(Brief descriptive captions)
====================

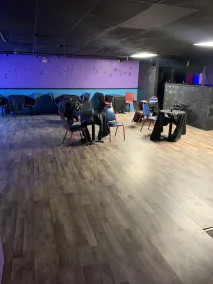 Open Event space For Any Event.😃 - Image 3
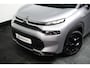 Citroën C3 Aircross 1.2 PureTech Shine Pack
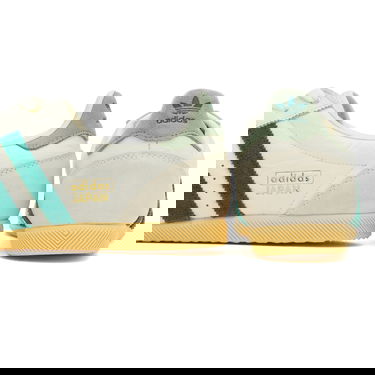 Sneakers och skor adidas Originals Adidas Japan Vit | JI2663, 3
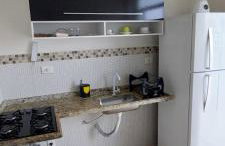 Flats Paraíso Paradisíaco - Foto 25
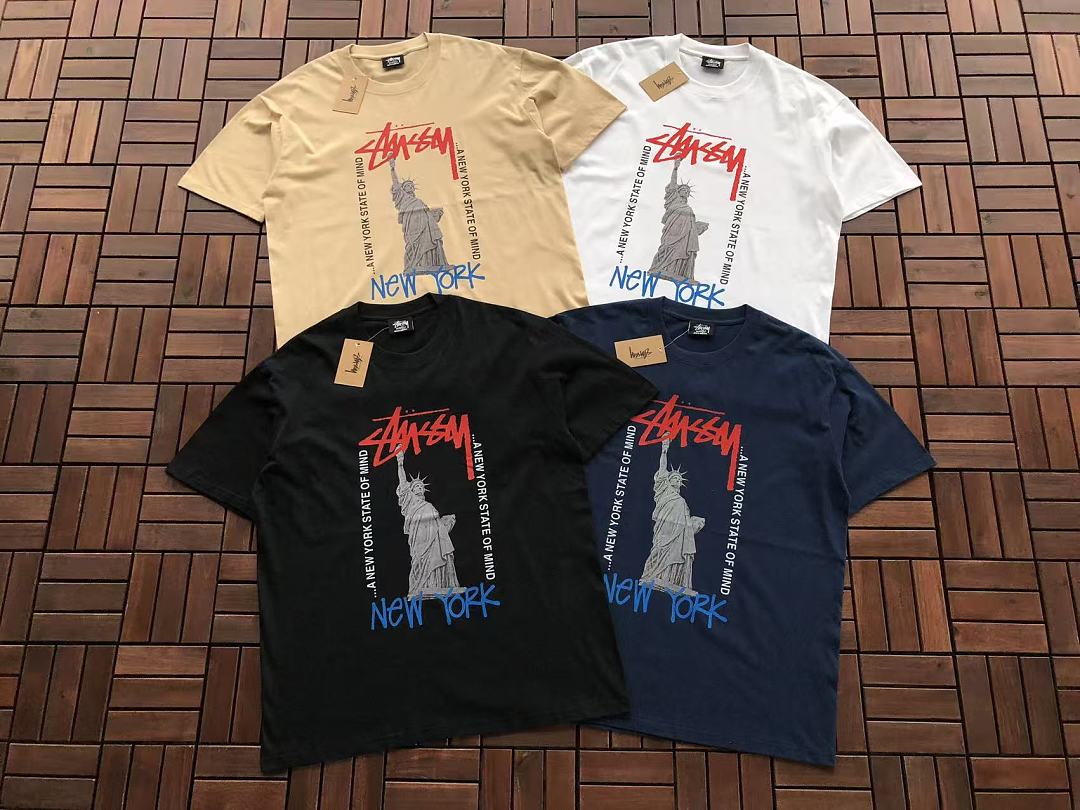 On Running ~ 79 ST🔥S🔥Y T-SHIRT 55082728 (Im 185CM 80KG Iwear Size XL In The Photo) - Image 6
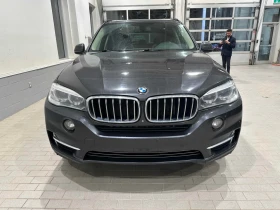 BMW X5 * xDrive35i * CARFAX * БЕЗ ПЪРВОНАЧАЛНА ВНОСКА - 23350 лв. / 11938.67 € - 23284474 6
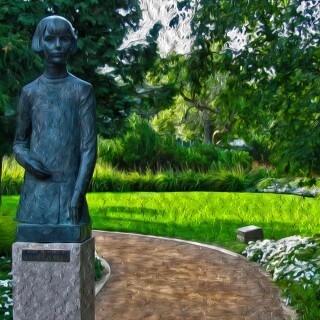 Arts--Design-Wallpaper-36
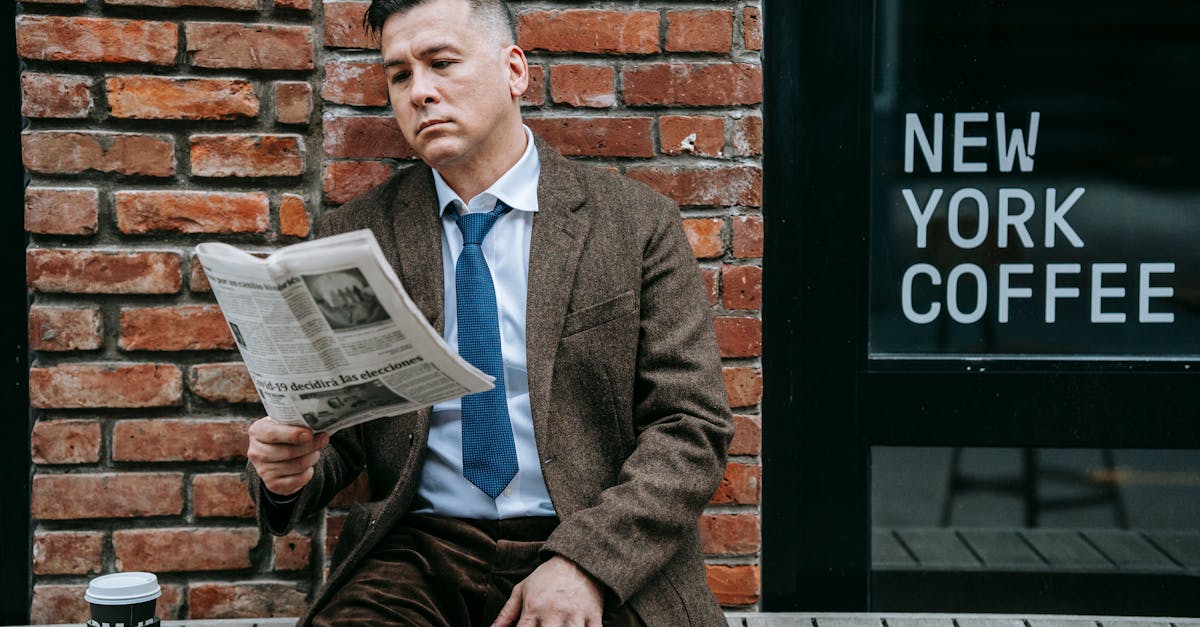 découvrez les tendances actuelles de l'immobilier : analyse des prix, évolutions du marché, conseils d'experts et prévisions pour investir efficacement en 2024.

====================

• _Work required_
The records above should be reproduced exactly, with no pictures included.

• _Response to the task_
 Open Event space For Any Event.😃 - Image 3
 Citroën C3 Aircross 1.2 PureTech Shine Pack
 Sneakers och skor adidas Originals Adidas Japan Vit | JI2663, 3
 Flats Paraíso Paradisíaco - Foto 25
 On Running ~ 79 ST🔥S🔥Y T-SHIRT 55082728 (Im 185CM 80KG Iwear Size XL In The Photo) - Image 6
 BMW X5 * xDrive35i * CARFAX * БЕЗ ПЪРВОНАЧАЛНА ВНОСКА - 23350 лв. / 11938.67 € - 23284474 6
 Arts--Design-Wallpaper-36
 découvrez les tendances actuelles de l'immobilier : analyse des prix, évolutions du marché, conseils d'experts et prévisions pour investir efficacement en 2024.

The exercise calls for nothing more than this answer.